Information supplied:
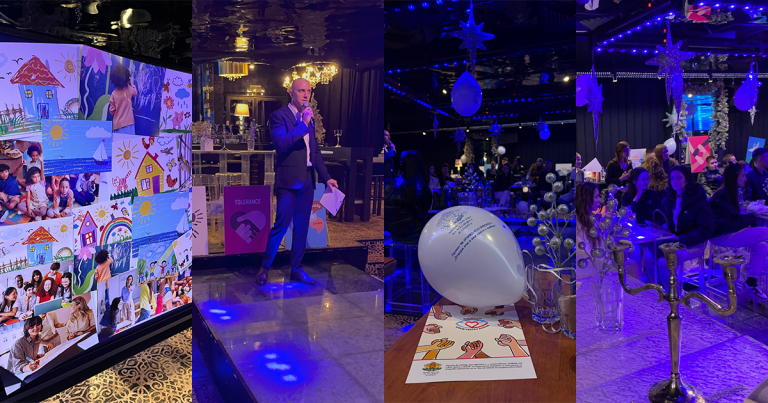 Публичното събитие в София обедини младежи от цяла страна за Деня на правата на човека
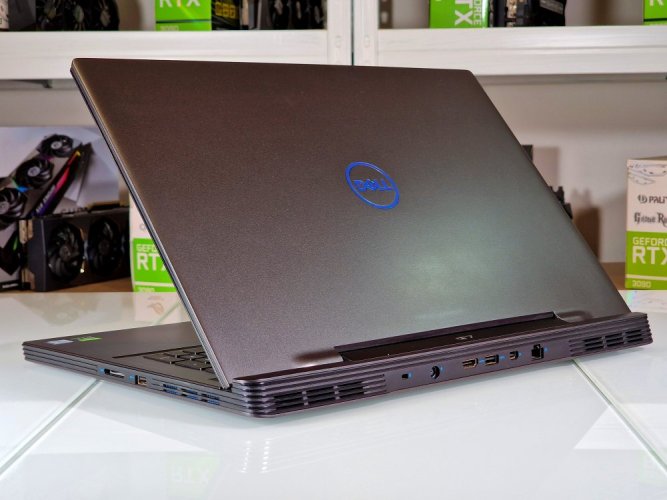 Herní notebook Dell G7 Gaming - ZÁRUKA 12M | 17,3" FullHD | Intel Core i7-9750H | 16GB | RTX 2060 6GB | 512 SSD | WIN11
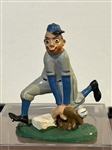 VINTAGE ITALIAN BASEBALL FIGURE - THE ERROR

---

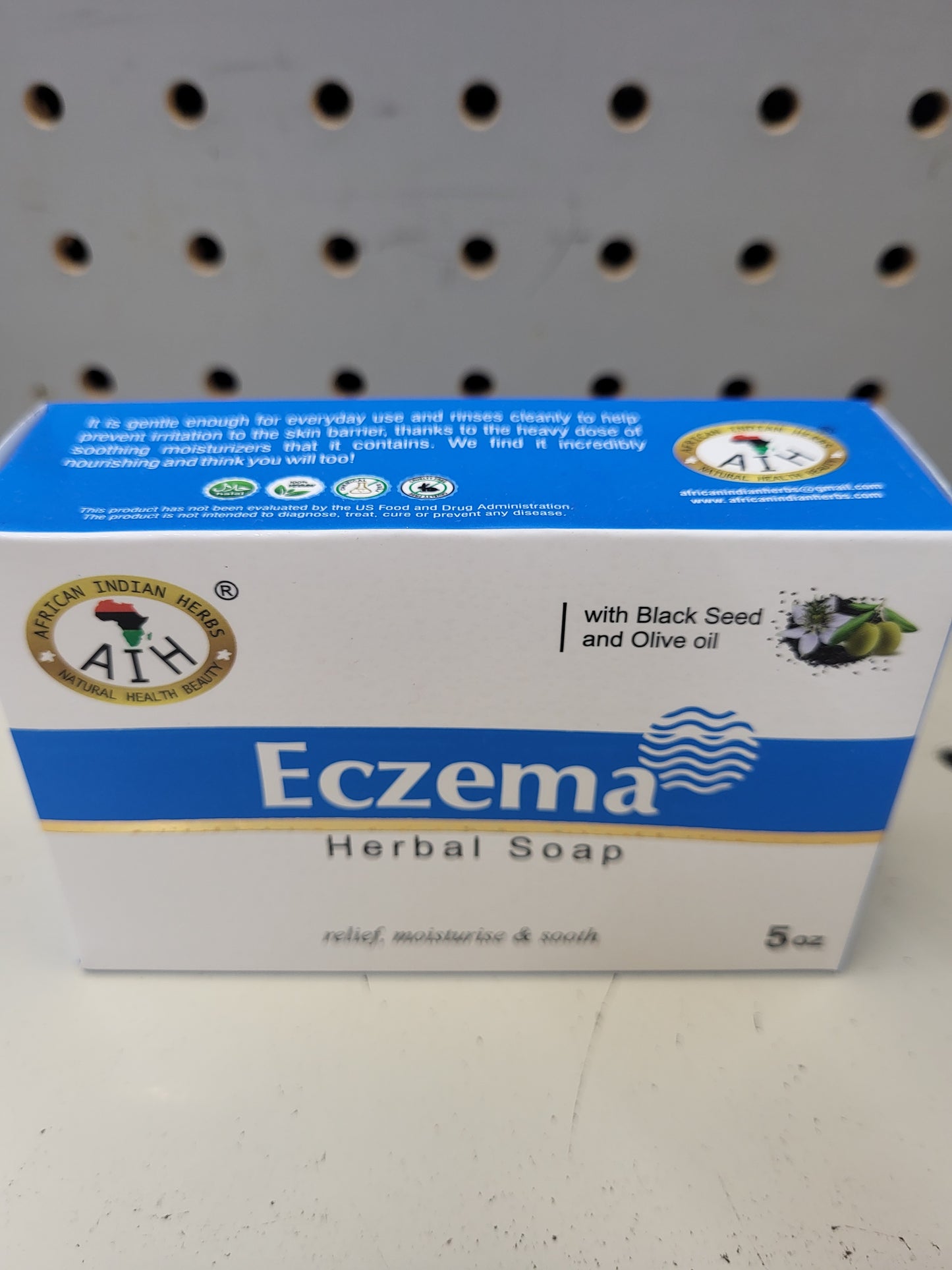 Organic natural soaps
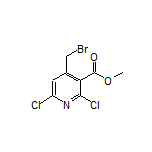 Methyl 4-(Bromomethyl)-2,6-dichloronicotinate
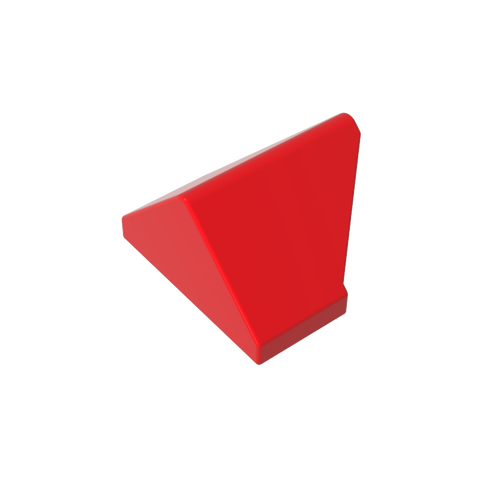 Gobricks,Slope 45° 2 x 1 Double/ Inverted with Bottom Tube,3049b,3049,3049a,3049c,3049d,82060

Work order:
Taking the entries above, copy word for word the lines from the one with "Публичното събитие в" up to and including the one with "VINTAGE ITALIAN BASEBALL FIGURE - THE ERROR", without any picture.

Final answer:
 Публичното събитие в София обедини младежи от цяла страна за Деня на правата на човека
 Herní notebook Dell G7 Gaming - ZÁRUKA 12M | 17,3" FullHD | Intel Core i7-9750H | 16GB | RTX 2060 6GB | 512 SSD | WIN11
 VINTAGE ITALIAN BASEBALL FIGURE - THE ERROR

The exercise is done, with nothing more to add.